Hubert S Gabryś, Florian Buettner, Florian Sterzing, Henrik Hauswald, Mark Bangert, Hubert S Gabryś, Florian Buettner, Florian Sterzing, Henrik Hauswald, Mark Bangert

Abstract

Purpose: The purpose of this study is to investigate whether machine learning with dosiomic, radiomic, and demographic features allows for xerostomia risk assessment more precise than normal tissue complication probability (NTCP) models based on the mean radiation dose to parotid glands.

Material and methods: A cohort of 153 head-and-neck cancer patients was used to model xerostomia at 0-6 months (early), 6-15 months (late), 15-24 months (long-term), and at any time (a longitudinal model) after radiotherapy. Predictive power of the features was evaluated by the area under the receiver operating characteristic curve (AUC) of univariate logistic regression models. The multivariate NTCP models were tuned and tested with single and nested cross-validation, respectively. We compared predictive performance of seven classification algorithms, six feature selection methods, and ten data cleaning/class balancing techniques using the Friedman test and the Nemenyi post hoc analysis.

Results: NTCP models based on the parotid mean dose failed to predict xerostomia (AUCs < 0.60). The most informative predictors were found for late and long-term xerostomia. Late xerostomia correlated with the contralateral dose gradient in the anterior-posterior (AUC = 0.72) and the right-left (AUC = 0.68) direction, whereas long-term xerostomia was associated with parotid volumes (AUCs > 0.85), dose gradients in the right-left (AUCs > 0.78), and the anterior-posterior (AUCs > 0.72) direction. Multivariate models of long-term xerostomia were typically based on the parotid volume, the parotid eccentricity, and the dose-volume histogram (DVH) spread with the generalization AUCs ranging from 0.74 to 0.88. On average, support vector machines and extra-trees were the top performing classifiers, whereas the algorithms based on logistic regression were the best choice for feature selection. We found no advantage in using data cleaning or class balancing methods.

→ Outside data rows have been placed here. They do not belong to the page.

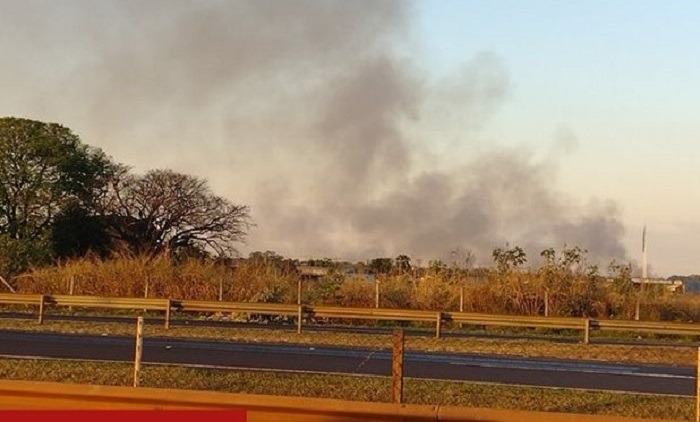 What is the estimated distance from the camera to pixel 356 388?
48.9ft

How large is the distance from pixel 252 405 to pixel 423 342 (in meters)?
15.0

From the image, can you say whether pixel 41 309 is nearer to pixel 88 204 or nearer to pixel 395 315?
pixel 395 315

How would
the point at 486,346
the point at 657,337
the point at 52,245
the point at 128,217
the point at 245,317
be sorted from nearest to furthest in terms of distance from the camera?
the point at 486,346
the point at 657,337
the point at 245,317
the point at 52,245
the point at 128,217

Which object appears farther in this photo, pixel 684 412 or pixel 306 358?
pixel 306 358

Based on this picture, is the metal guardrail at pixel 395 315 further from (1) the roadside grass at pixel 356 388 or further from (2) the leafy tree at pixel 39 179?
(2) the leafy tree at pixel 39 179

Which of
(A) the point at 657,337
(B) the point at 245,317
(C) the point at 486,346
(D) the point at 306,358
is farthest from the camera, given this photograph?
(B) the point at 245,317

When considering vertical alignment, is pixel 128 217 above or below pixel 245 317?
above

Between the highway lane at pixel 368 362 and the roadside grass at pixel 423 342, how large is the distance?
1.25 meters

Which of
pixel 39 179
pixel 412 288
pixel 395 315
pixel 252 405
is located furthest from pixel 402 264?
pixel 252 405

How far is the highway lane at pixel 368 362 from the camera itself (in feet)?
57.1

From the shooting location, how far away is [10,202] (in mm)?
55844

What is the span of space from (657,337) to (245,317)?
12850mm

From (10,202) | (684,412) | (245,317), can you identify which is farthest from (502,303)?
(10,202)

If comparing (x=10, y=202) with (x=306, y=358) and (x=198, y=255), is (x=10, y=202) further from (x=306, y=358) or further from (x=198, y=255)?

Conclusion: We demonstrated that incorporation of organ- and dose-shape descriptors is beneficial for xerostomia prediction in highly conformal radiotherapy treatments. Due to strong reliance on patient-specific, dose-independent factors, our results underscore the need for development of personalized data-driven risk profiles for NTCP models of xerostomia. The facilitated machine learning pipeline is described in detail and can serve as a valuable reference for future work in radiomic and dosiomic NTCP modeling.

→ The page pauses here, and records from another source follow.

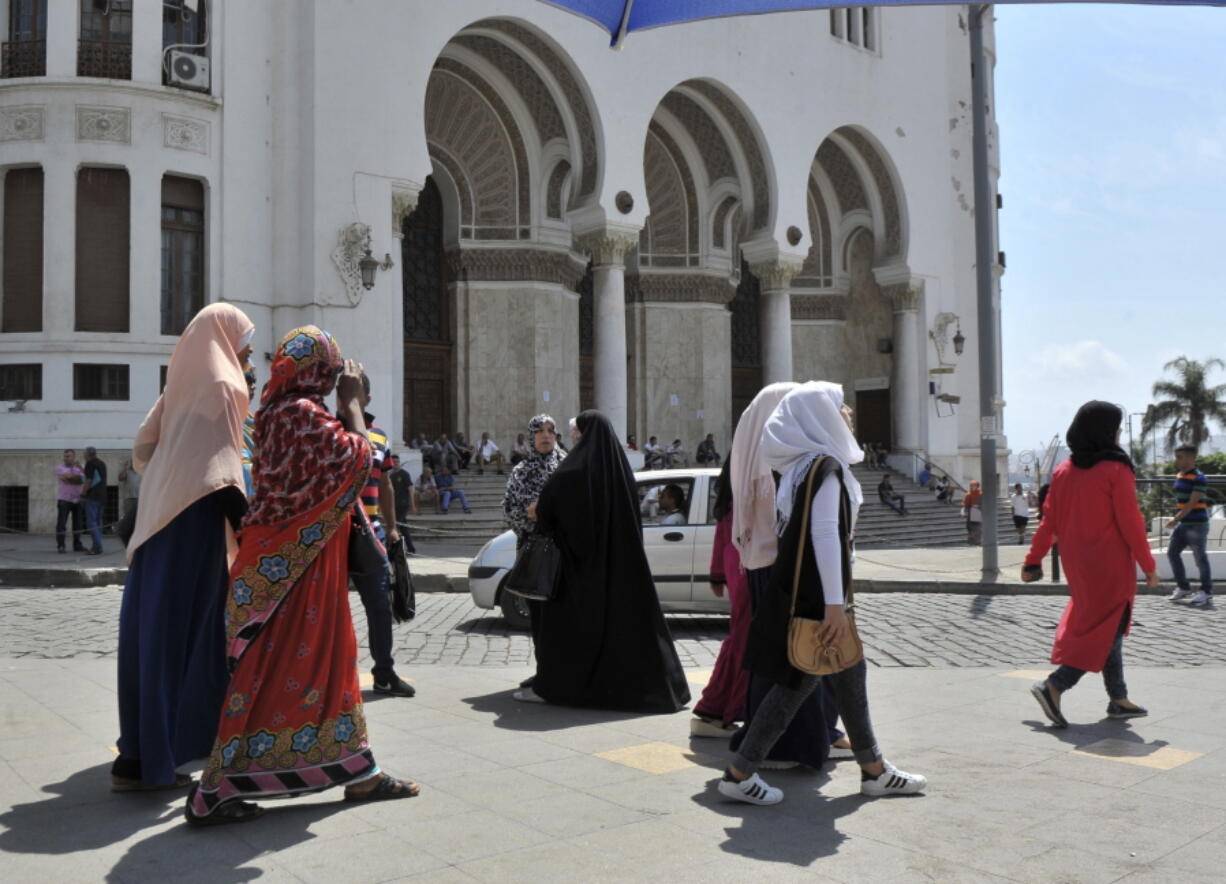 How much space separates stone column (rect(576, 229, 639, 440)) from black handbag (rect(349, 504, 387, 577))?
16.8 metres

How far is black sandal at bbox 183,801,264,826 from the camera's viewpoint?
12.8 feet

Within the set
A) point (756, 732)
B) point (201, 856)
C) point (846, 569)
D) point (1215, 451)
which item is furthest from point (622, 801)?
point (1215, 451)

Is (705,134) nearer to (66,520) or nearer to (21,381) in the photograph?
(21,381)

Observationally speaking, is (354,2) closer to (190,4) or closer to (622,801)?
(190,4)

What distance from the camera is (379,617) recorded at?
6273mm

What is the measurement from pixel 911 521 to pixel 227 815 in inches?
844

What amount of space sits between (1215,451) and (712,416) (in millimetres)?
40359

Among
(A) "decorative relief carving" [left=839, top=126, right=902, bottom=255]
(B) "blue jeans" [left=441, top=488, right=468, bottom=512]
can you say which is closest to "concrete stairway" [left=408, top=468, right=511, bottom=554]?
(B) "blue jeans" [left=441, top=488, right=468, bottom=512]

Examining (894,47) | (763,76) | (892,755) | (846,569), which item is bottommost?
(892,755)

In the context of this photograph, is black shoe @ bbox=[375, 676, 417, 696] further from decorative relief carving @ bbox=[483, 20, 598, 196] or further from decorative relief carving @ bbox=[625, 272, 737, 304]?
decorative relief carving @ bbox=[625, 272, 737, 304]

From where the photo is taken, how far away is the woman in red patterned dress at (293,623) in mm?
3971

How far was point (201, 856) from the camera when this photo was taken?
3.63 metres

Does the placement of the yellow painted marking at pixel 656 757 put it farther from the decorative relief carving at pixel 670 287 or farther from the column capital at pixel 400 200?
the decorative relief carving at pixel 670 287

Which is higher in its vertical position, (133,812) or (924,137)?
(924,137) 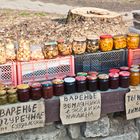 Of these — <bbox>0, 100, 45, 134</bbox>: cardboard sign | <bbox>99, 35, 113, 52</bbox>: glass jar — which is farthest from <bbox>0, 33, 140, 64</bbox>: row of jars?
<bbox>0, 100, 45, 134</bbox>: cardboard sign

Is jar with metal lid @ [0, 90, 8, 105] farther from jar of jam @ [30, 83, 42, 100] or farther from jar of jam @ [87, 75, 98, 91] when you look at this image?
jar of jam @ [87, 75, 98, 91]

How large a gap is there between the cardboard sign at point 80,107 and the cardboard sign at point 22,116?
16 centimetres

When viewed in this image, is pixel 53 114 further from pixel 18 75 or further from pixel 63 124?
pixel 18 75

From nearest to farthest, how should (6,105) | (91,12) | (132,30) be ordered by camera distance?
(6,105) < (132,30) < (91,12)

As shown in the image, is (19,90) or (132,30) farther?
(132,30)

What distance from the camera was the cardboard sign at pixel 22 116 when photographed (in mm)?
3182

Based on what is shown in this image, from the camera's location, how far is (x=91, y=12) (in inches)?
313

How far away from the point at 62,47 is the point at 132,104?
69 cm

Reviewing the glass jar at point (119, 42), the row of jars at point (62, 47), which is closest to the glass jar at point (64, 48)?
the row of jars at point (62, 47)

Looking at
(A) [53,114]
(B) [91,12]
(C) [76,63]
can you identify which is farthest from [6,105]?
(B) [91,12]

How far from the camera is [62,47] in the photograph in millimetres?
3521

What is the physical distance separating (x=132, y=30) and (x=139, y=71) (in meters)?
0.63

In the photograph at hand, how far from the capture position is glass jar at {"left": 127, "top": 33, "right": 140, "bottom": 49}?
363 centimetres

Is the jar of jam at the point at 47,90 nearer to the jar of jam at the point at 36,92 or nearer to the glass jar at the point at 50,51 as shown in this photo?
the jar of jam at the point at 36,92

Keywords: IMRT; NTCP; dosiomics; head and neck; machine learning; radiomics; radiotherapy; xerostomia.

Figures

Figure 1
Figure 1
Frequency of the follow-up reports collection.
Figure 2
Figure 2
The workflow of a multivariate five-step model building comprising, in this order, feature-group selection, feature scaling, sampling, feature selection, and classification.
Figure 3
Figure 3
Predictive power of individual features in the time-specific models measured with the area under the receiver operating characteristic curve (AUC). The left-hand side vertical axis lists the features, the right-hand side vertical axis lists the feature groups. The AUCs were calculated from the corresponding Mann–Whitney U statistic. Bars marked with * are significant at the false discovery rate (FDR) ≤ 0.05.
Figure 4
Figure 4
The mean dose and the absolute right–left dose gradient distribution in our patient cohort.
Figure 5
Figure 5
A comparison of classification, feature selection, and sampling algorithms in terms of their predictive performance in model tuning. All heat maps in a given column belong to a single end point, whereas all heat maps in a given row correspond to a single classifier. In each heat map, rows represent feature selection algorithms and columns correspond to sampling methods. The color maps are normalized per end point. The color bar ticks correspond to the worst, average, and the best model performance.
Figure 6
Figure 6
Heat maps showing a proportion of times a given algorithm on the vertical axis outperformed another algorithm on the horizontal axis in terms of the best AUC in model tuning. For example, support vector machines (SVM) performed better than extra-trees (ET) in 73% of the time-specific models.
Figure 7
Figure 7
A comparison of classification, feature selection, and sampling methods against one another with the Nemenyi test. Lower ranks correspond to better performance of the algorithm, that is rank 1 is the best. Algorithms which ranks differ by less than the critical difference (CD) are not significantly different at 0.05 significance level and are connected by the black bars.
Figure 8
Figure 8
Features underlying the multivariate models of long-term xerostomia. i, ipsilateral gland; c, contralateral gland.